The death-obsessed Hamlet thought death was the great equalizer (Imperious Caesar, dead and turn'd to clay, Might stop a hole to keep the wind away), but here in death-obsessed Mexico, death changes nothing - inequality persists to the bitter end and beyond. Last month we wrote about the narco-mausoleums in Culiacán, some of which were as nice as any house we ever lived in. And in the previous few posts we shared a lot of pictures of the solidly middle-class queretano way of death.

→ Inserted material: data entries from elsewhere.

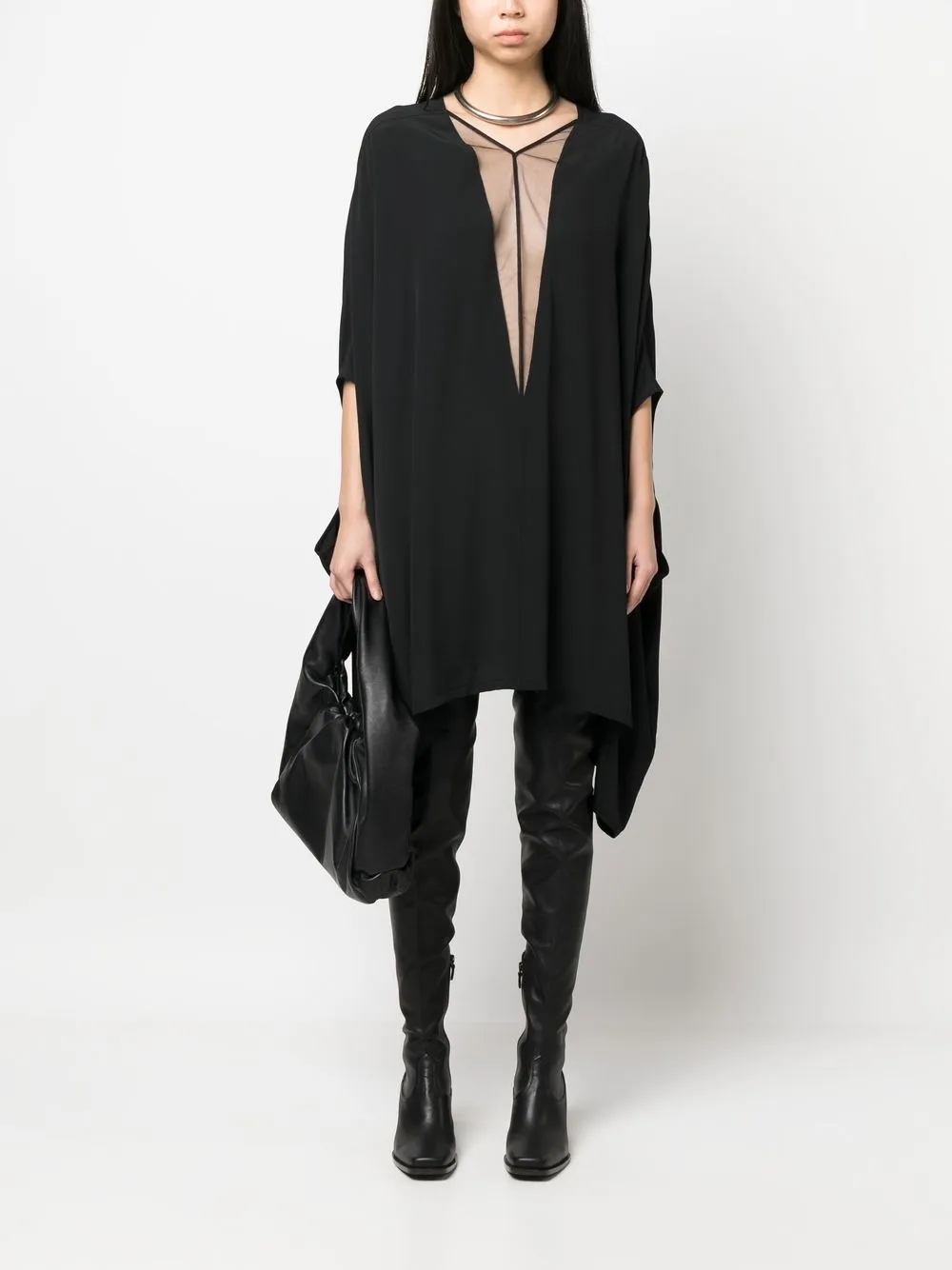 Rick Owens Tuniek met doorzichtig vlak - Zwart
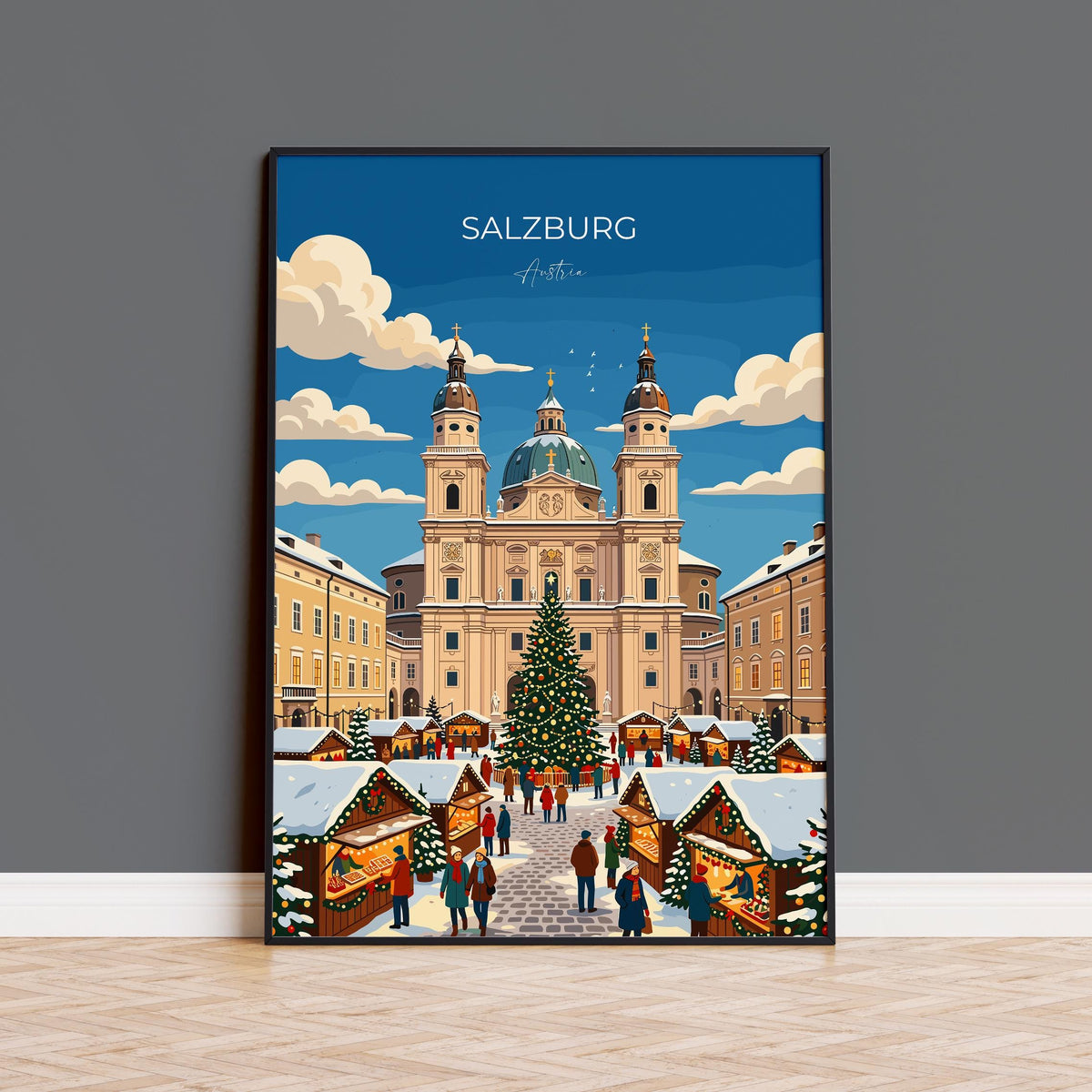 Salzburg Christmas Market Poster, Austria Winter Wall Art, Salzburg Cathedral Print, Austrian Festive Travel Poster, Salzburg Gift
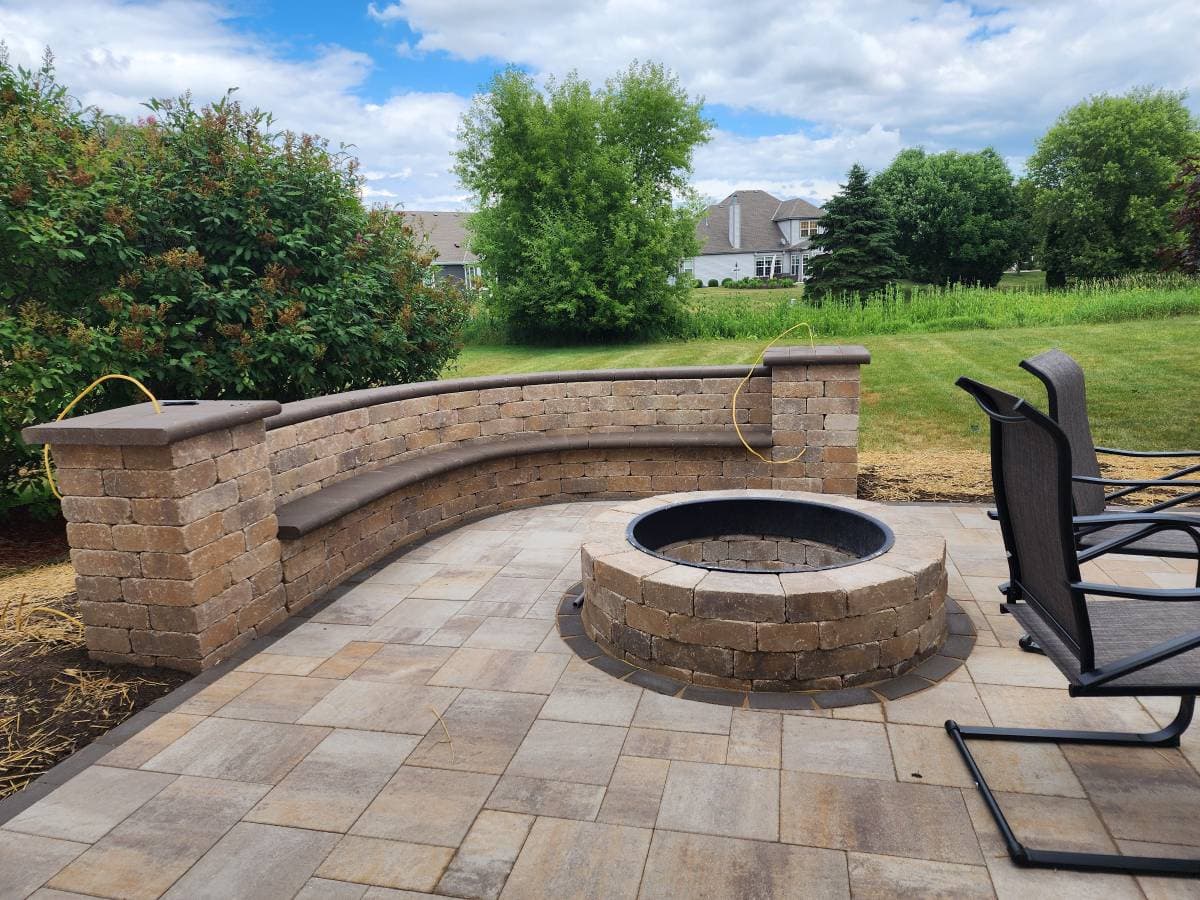 Firepit patio made with brown stone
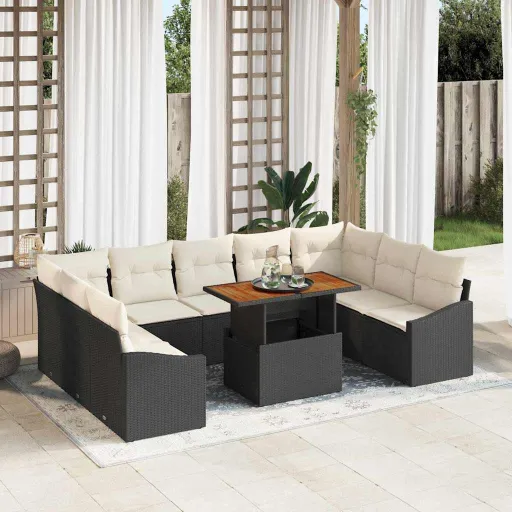 Conjunto de Jantar para Jardim   Preto e Creme (10 pcs)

But tucked away in a corner of the Panteon Municipal is a wall of tiny crypts about a foot and a half wide by three feet deep, the cost of which we aren't quite sure, but would be surprised if they exceeded the price of a comida corrida lunch. To call these crypts "modest" would be as understated as the crypts themselves Scroll down to the last photo, and then ask yourself, if this is where José Martinez dwells in death, what was his life like?

Happily, many of the little cryptlets were decorated with flowers, proof that someone cared enough to visit.  We weren't there long enough to know if anyone hired a mariachi band, but we like to imagine they did.

If we learned anything from our brand new and completely original discovery of Day of the Dead, it's that, unless we somehow go 100% native along with our extended family, we most certainly do not want to be buried in a cemetery. The way Mexicans flock to their gravesites (if only once a year) puts our unattended graves back home into pretty stark relief, and makes us feel kind of terrible. There are few human beings we've loved as much as our maternal grandmother, but after 29 years of not visiting her tomb, we couldn't even guess where she's buried. On the other side of the family, there's kind of a communal plot which we've been to three times since 1977, each time to add another relative to the site. We're not sure if anyone else is planning to be interred there, but if not, we're unlikely ever to go there again - which is no indication of our affection for the two grandparents and great-grandmother who are buried there.  It's just that, really, why would we go?

If you look back up at the top picture, you'll see that half the little crypts have been decorated. That means half have not. On the Day of the Dead, that's like not getting a valentine in school on Valentine's Day. For us, that would actually ruin being dead, which is something we imagine otherwise to be quite bearable, if not downright pleasant. We haven't worked out the details of an alternative yet, but at this point we're thinking Viking funeral.

1 comment:

Anonymous said...

What mattered to your family was the quality of time you spent with them while they were alive. And I do mean quality, not quantity.

And, sure, you pick a hot way to go and threaten me with an ice flow! Knowing how much I hate the cold!

Beautiful pictures on all these DotD posts!